I live in NY and have two children in the ’20s. My husband was having financial difficulties with his businesses in 2002. Instead of listening to his corporate lawyers’ advice, he left me a note that hinted at suicide and stated that he was leaving, and he just didn’t go. He became a missing person. The police found him four months later 300 miles from our house cooking at a restaurant and hanging out in the bars at night with a group of 20-year-olds
( we are in our 40’s). He left me with no income and an 18-year-old son in college. I had to get a job, and the banks foreclosed on his businesses because none of the companies were in my name and was never involved with them. This forced bankruptcy beyond my control.
I was a fool and took him back but never could trust him, and when I told him how I felt, he said get over it, and he should never have come back. After three years of trying to save the marriage, I realized I would never trust him, and I told him I wanted to separate, and he told me to get out I refused to leave, and one night when I wasn’t home, he locked me out. He would not let me in to get anything. I called the police repeatedly, and they said, get a lawyer and tell the judge there was nothing they could do. So I started staying with a friend and we both hired lawyers.
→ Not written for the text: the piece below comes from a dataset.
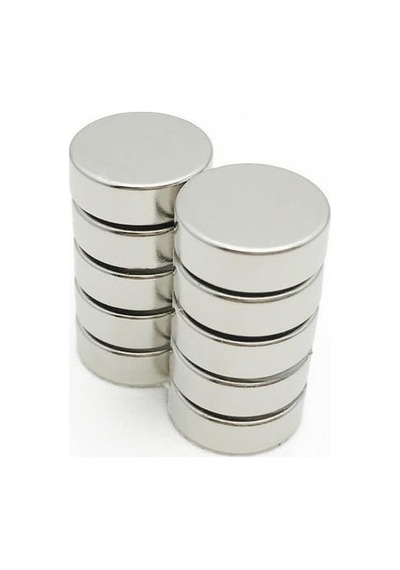Neodyum Mıknatıs Yuvarlak D15x5 Mm - 2 Adet - Deney Mıknatısı
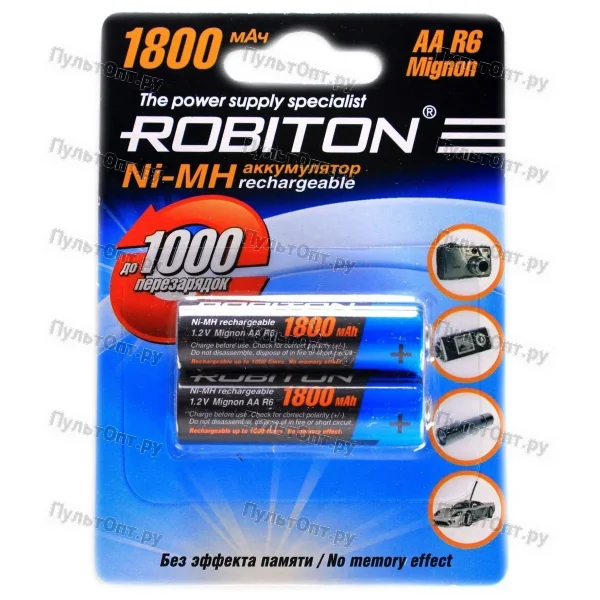 Аккумулятор AA BL2 Robiton 1800 mAh (50)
My lawyer requested that I be allowed to get my things, and he responded by saying I took everything, and nothing was at the house that was mine. A month later, we had a flood at the house that flooded the unfinished basement. He now says he sold my things, gave them away, and what was left was ruined by the flood. When we went to court, this information was given to the judge, but he didn’t do anything except order an appraisal on the house and let my husband stay in the house at this time.
Meanwhile, I have nothing except what I had the night he locked me out and a few things I have bought. Before I retained my attorney, he had his lawyer send me a separation agreement that he wanted me to sign and attached to it was a list of my personal property that he was willing to give to me if I signed it. I didn’t feel it was fair, and I wanted my lawyer to look at it, and when he found out I had a lawyer, he said sign it now, or you will never get anything. He would keep saying if you sign the car over to me, I will give you your things. I signed the car over to him and never got anything. Then he said if you give me the dog, I will provide you with your stuff. I gave him the dog and never got anything. I was also paying all of the bills at the house for three months after he locked me out. I cannot keep staying with this friend. I have no furniture, I want the house, and I want to be allowed back in my own home.
⦁ Please help me. My husband has taken everything I own and lived in that house for 23 years, raised my two sons while he was married to his job, and never home, and I have an emotional attachment to it. That house is all I have left of what I have. He has taken everything from me, and no one will help me. All my lawyer is saying is the judge will address it. The appraisal also came in, and he is claiming the flood caused damage to the house, so now it has no equity, but six months ago, he said it had 50 thousand in equity. Only the unfinished basement was flooded, and I think he put in a claim in FEMA. No one will let me into my own house that I have owned and still own for the last 23 years to see what damage there is and if my personal belongings are there. I heard that he is seeing another woman. Can he let her move into our house now? Please help me I feel like I have no rights.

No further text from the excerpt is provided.